Your goal | Every line from the top of the records through the one bearing "Hello everyone, welcome" is to be reproduced exactly, and pictures are to be left out.
[[ Source information, beginning ]]
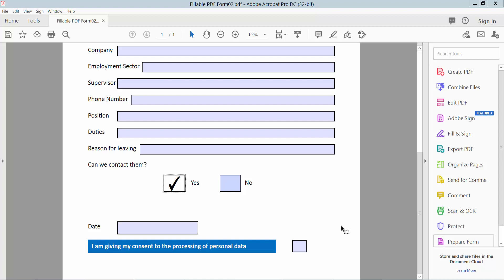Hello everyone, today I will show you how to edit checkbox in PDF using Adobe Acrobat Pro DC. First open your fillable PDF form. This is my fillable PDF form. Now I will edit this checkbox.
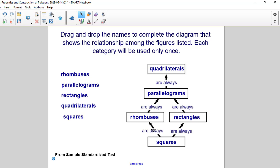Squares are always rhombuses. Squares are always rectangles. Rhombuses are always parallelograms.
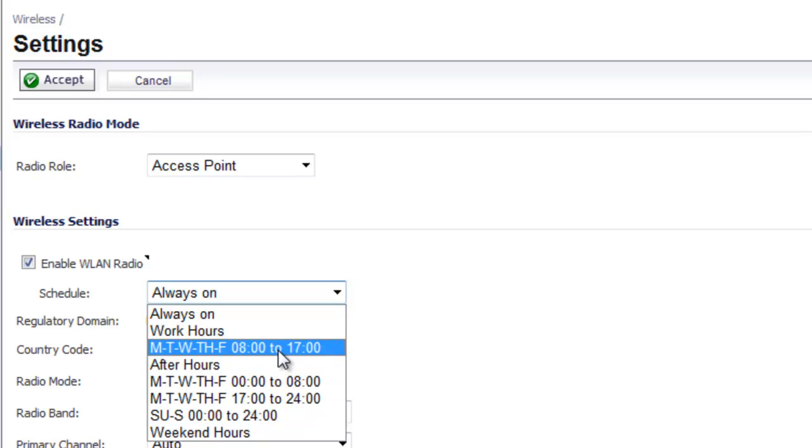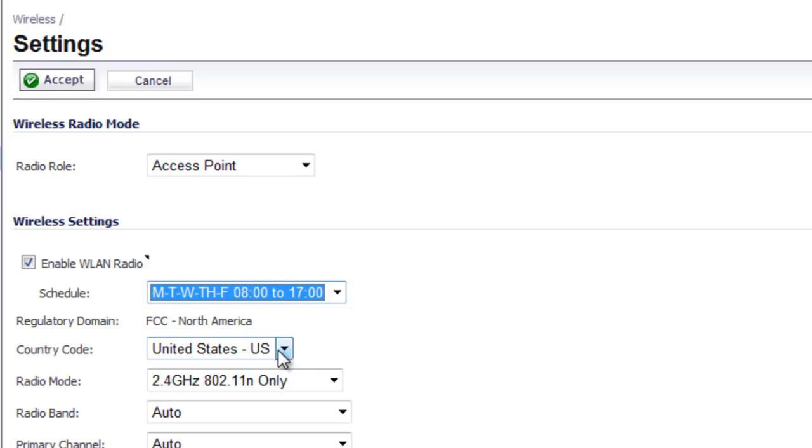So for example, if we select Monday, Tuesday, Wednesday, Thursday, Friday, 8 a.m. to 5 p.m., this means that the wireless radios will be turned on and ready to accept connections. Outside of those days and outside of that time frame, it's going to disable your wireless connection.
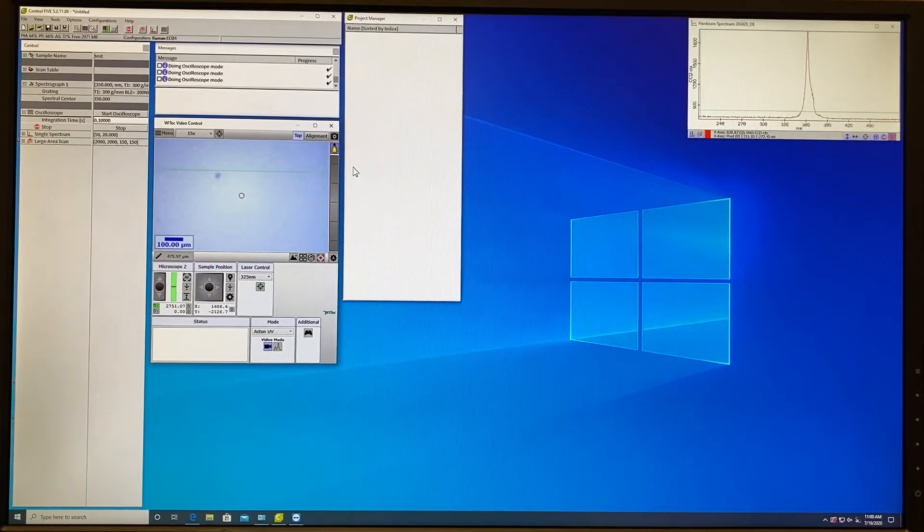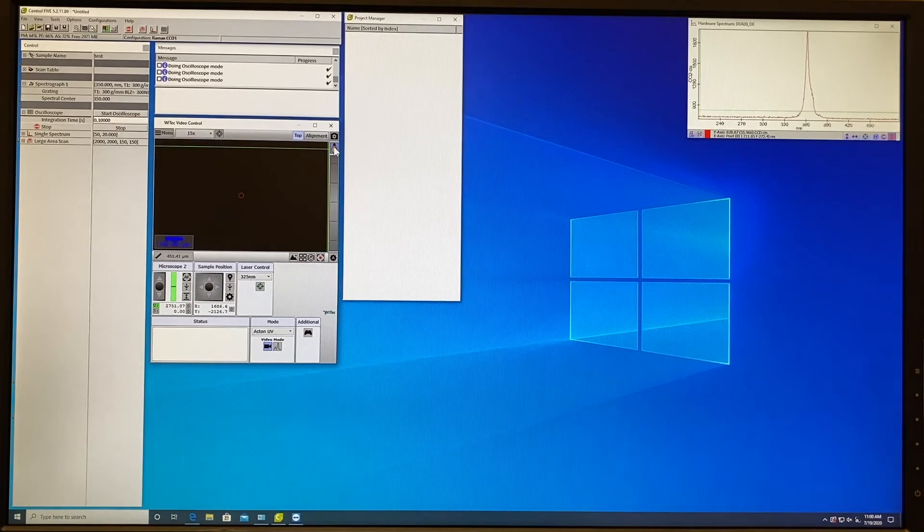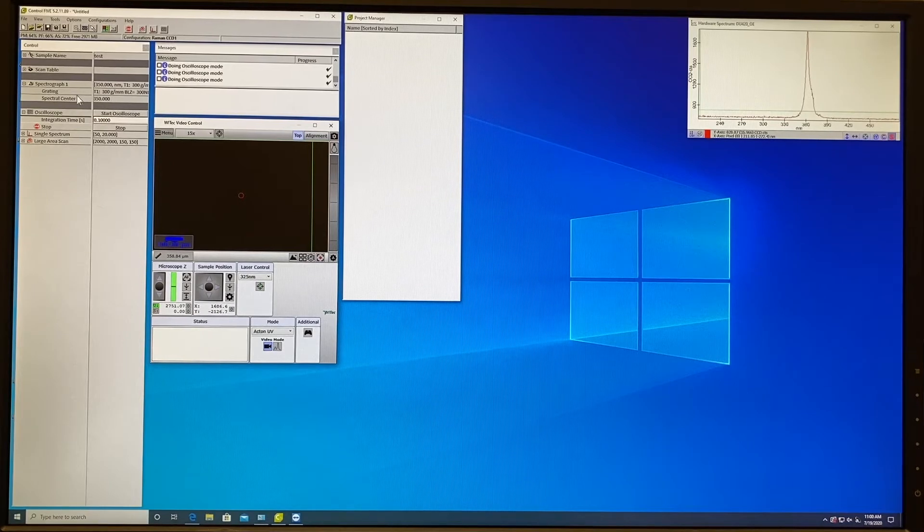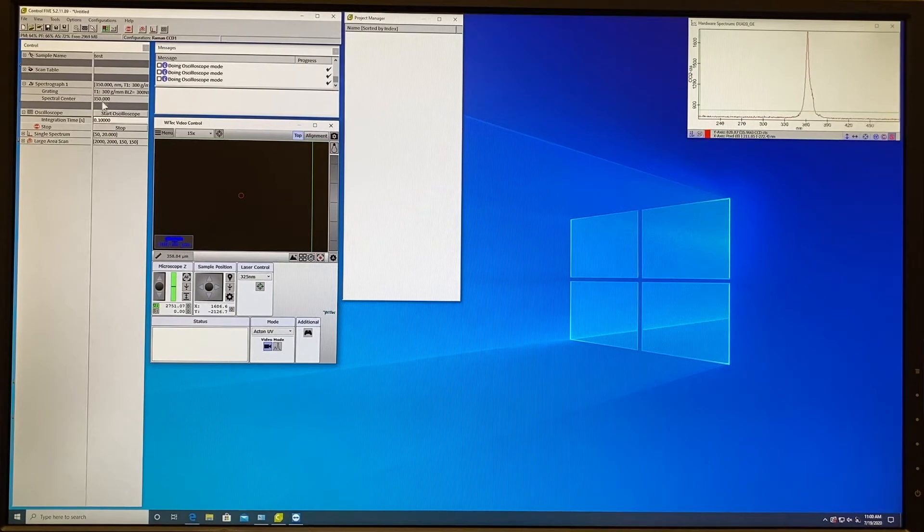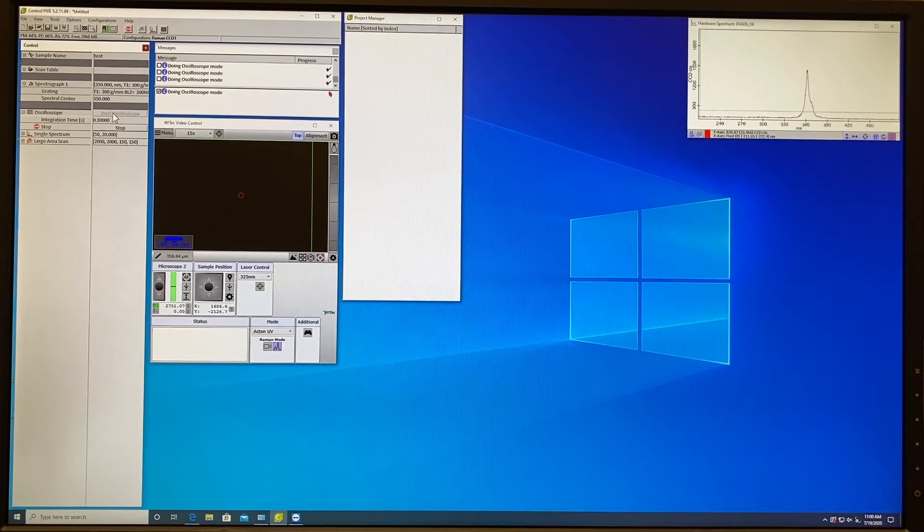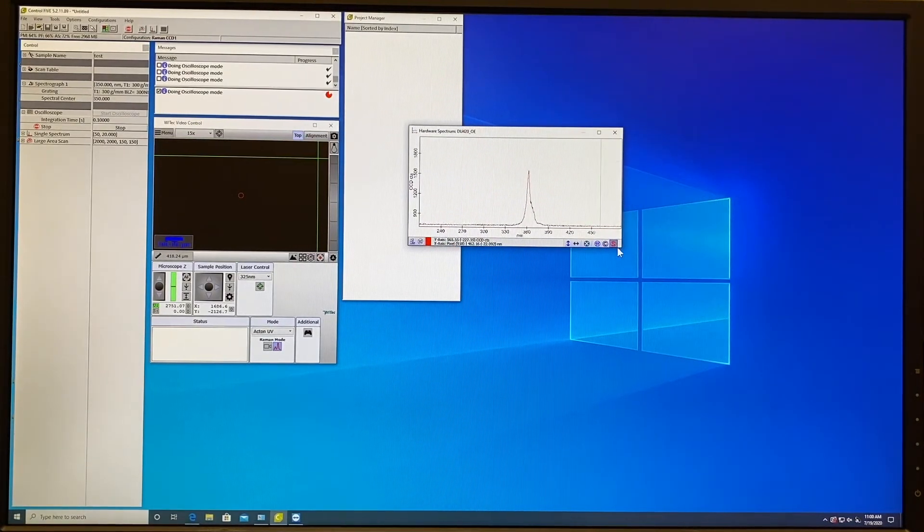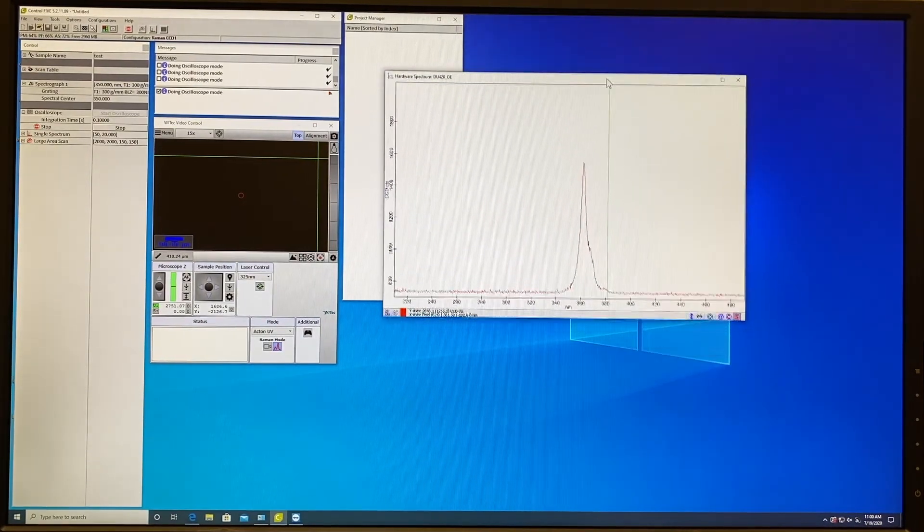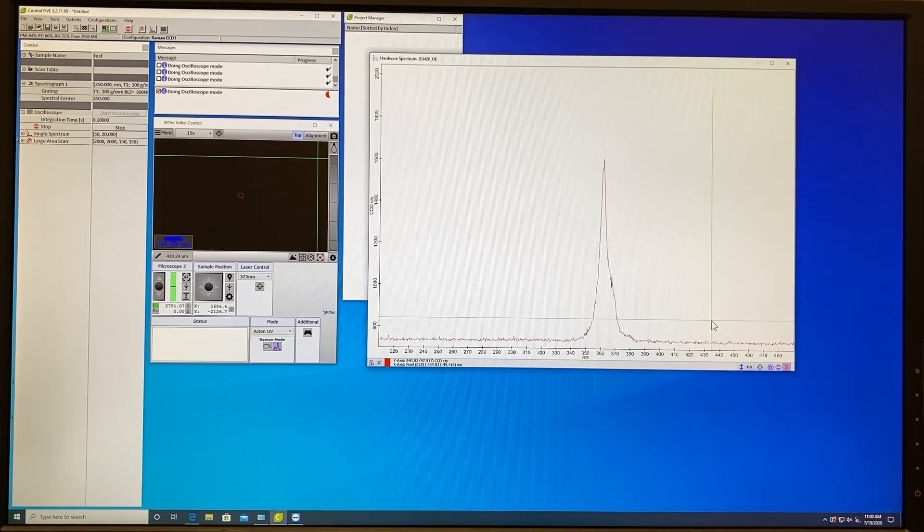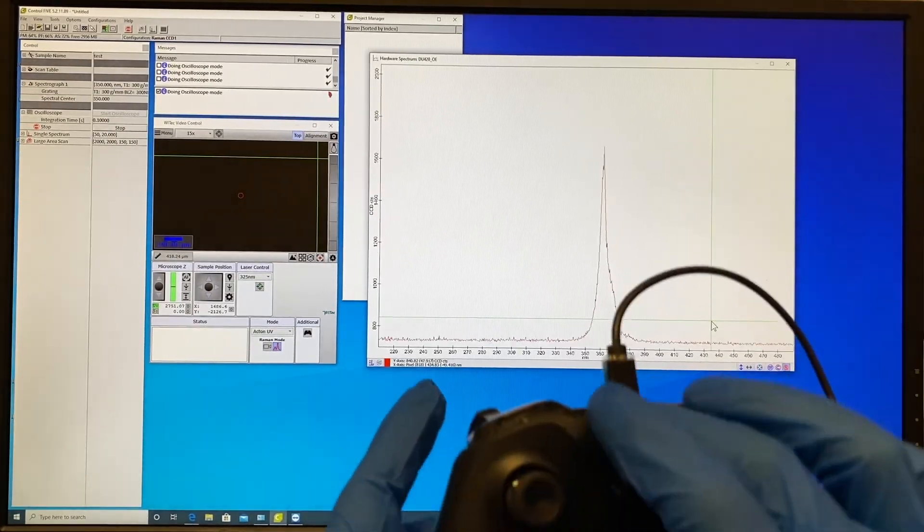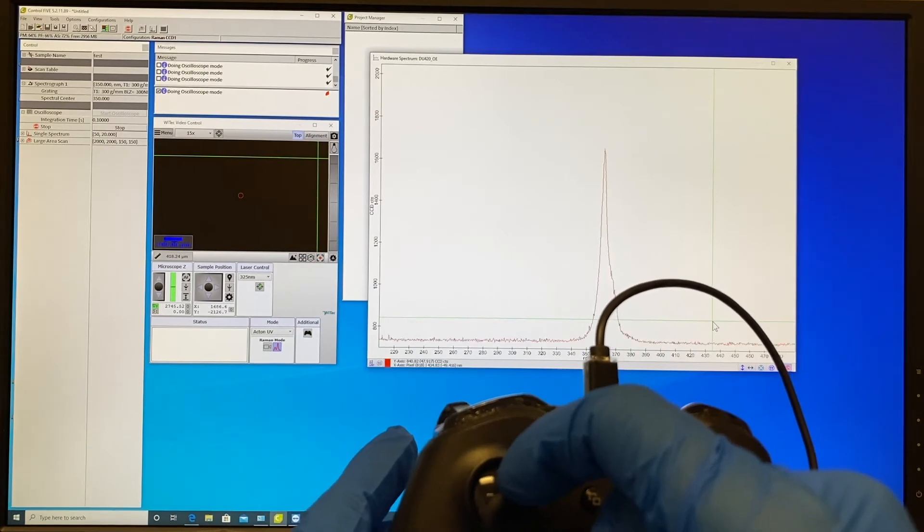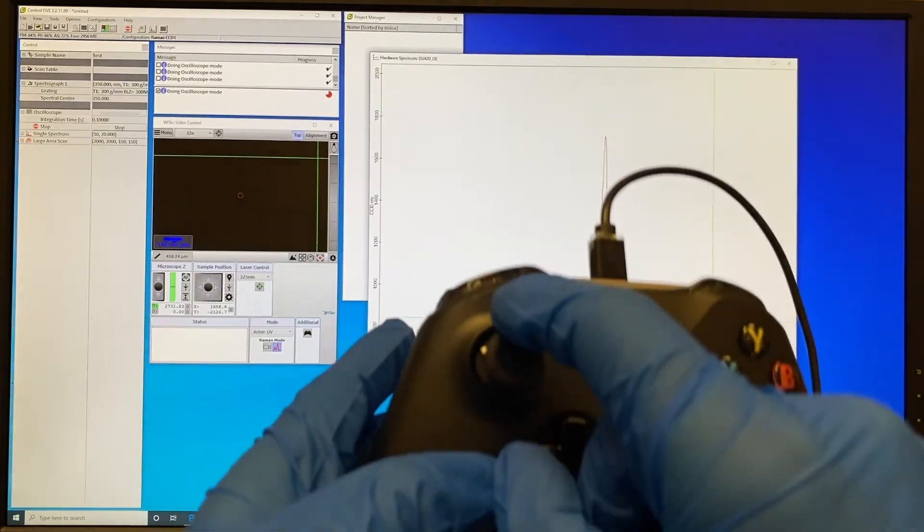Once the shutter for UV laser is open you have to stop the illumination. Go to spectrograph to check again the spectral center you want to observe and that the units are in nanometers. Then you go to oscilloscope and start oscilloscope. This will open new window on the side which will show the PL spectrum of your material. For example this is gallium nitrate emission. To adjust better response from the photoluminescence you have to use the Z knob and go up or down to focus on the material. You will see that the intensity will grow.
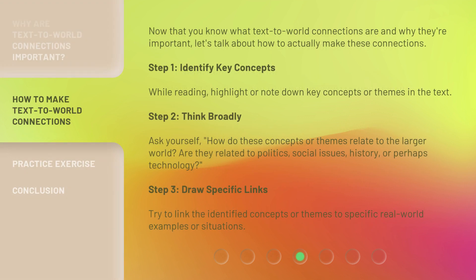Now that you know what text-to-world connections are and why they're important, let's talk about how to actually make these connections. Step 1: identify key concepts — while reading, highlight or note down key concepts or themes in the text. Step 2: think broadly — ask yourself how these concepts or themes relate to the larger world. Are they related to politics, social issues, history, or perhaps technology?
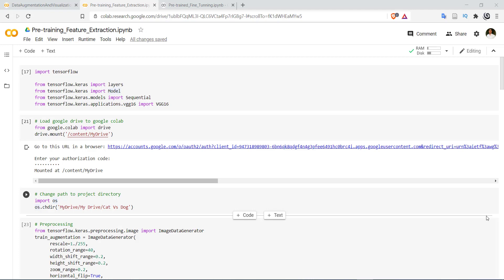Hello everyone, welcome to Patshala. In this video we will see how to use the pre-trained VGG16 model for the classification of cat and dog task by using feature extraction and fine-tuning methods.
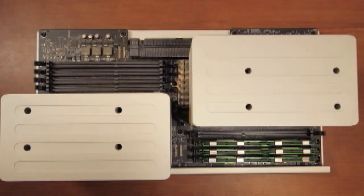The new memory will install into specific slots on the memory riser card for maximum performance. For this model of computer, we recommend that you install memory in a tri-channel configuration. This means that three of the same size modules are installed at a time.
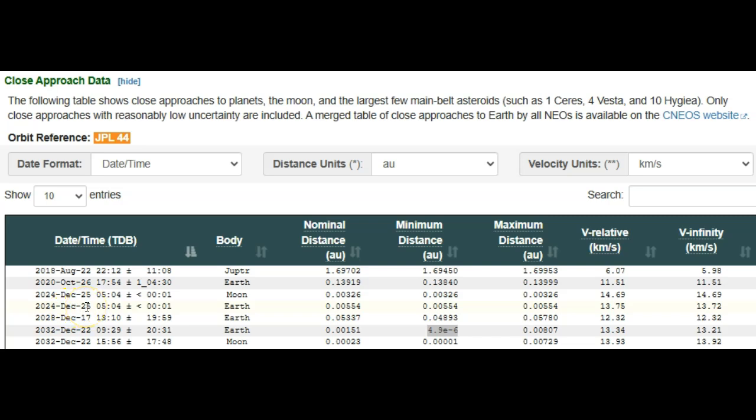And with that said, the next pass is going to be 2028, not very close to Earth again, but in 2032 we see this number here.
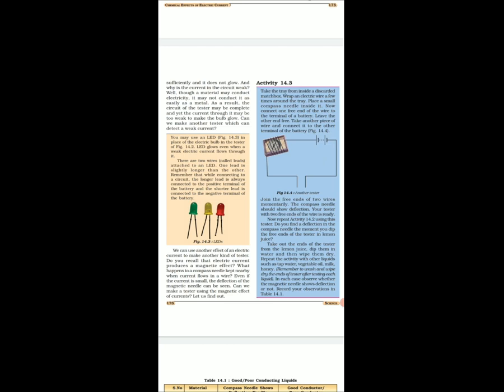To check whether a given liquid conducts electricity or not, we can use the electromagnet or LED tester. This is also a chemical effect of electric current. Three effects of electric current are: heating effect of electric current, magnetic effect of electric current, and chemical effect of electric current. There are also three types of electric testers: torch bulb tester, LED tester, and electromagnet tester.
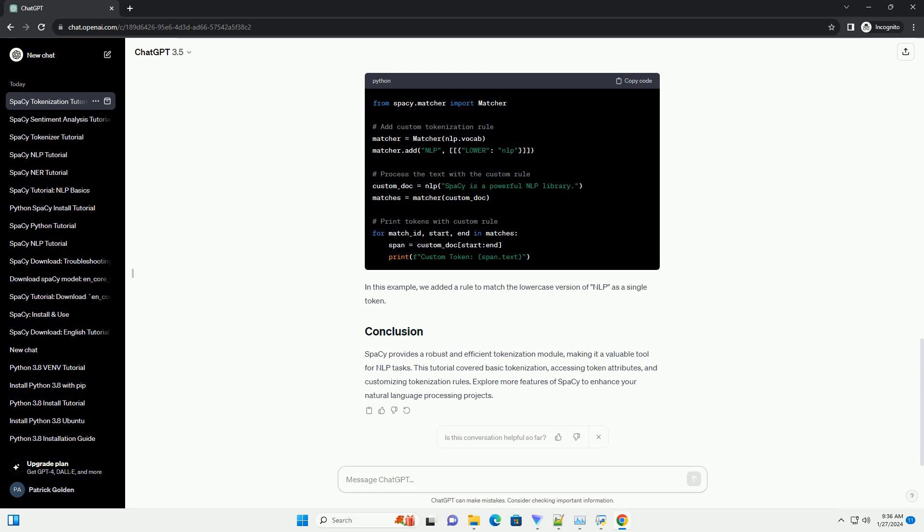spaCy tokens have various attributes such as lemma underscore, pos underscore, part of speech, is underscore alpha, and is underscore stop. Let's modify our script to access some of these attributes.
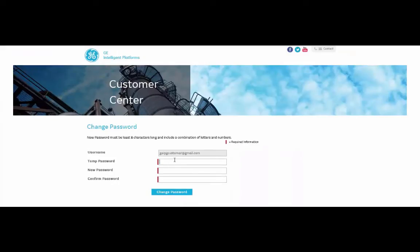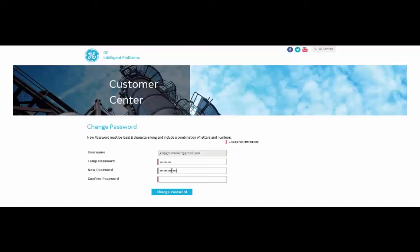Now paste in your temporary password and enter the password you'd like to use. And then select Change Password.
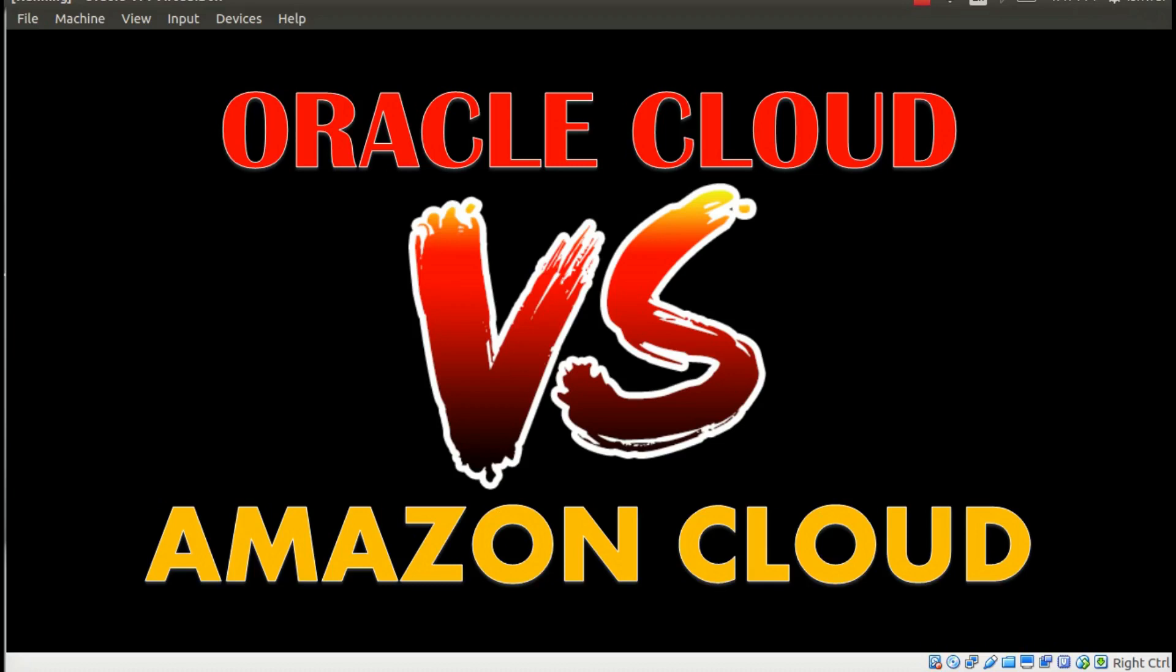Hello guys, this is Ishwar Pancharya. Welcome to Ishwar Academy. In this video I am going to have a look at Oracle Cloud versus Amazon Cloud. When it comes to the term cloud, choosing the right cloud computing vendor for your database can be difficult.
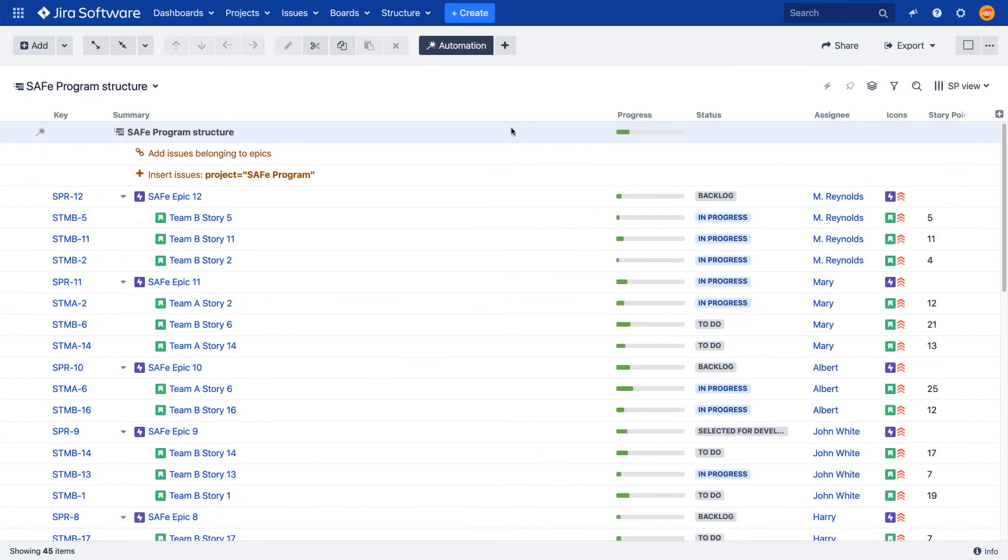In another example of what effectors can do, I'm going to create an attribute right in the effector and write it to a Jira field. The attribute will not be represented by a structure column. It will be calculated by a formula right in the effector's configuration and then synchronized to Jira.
[[ Source information, end ]]
Your solution |
Hello everyone, today I will show you how to edit checkbox in PDF using Adobe Acrobat Pro DC. First open your fillable PDF form. This is my fillable PDF form. Now I will edit this checkbox.
Squares are always rhombuses. Squares are always rectangles. Rhombuses are always parallelograms.
So for example, if we select Monday, Tuesday, Wednesday, Thursday, Friday, 8 a.m. to 5 p.m., this means that the wireless radios will be turned on and ready to accept connections. Outside of those days and outside of that time frame, it's going to disable your wireless connection.
Once the shutter for UV laser is open you have to stop the illumination. Go to spectrograph to check again the spectral center you want to observe and that the units are in nanometers. Then you go to oscilloscope and start oscilloscope. This will open new window on the side which will show the PL spectrum of your material. For example this is gallium nitrate emission. To adjust better response from the photoluminescence you have to use the Z knob and go up or down to focus on the material. You will see that the intensity will grow.
Now that you know what text-to-world connections are and why they're important, let's talk about how to actually make these connections. Step 1: identify key concepts — while reading, highlight or note down key concepts or themes in the text. Step 2: think broadly — ask yourself how these concepts or themes relate to the larger world. Are they related to politics, social issues, history, or perhaps technology?
Hello everyone, welcome to Patshala. In this video we will see how to use the pre-trained VGG16 model for the classification of cat and dog task by using feature extraction and fine-tuning methods.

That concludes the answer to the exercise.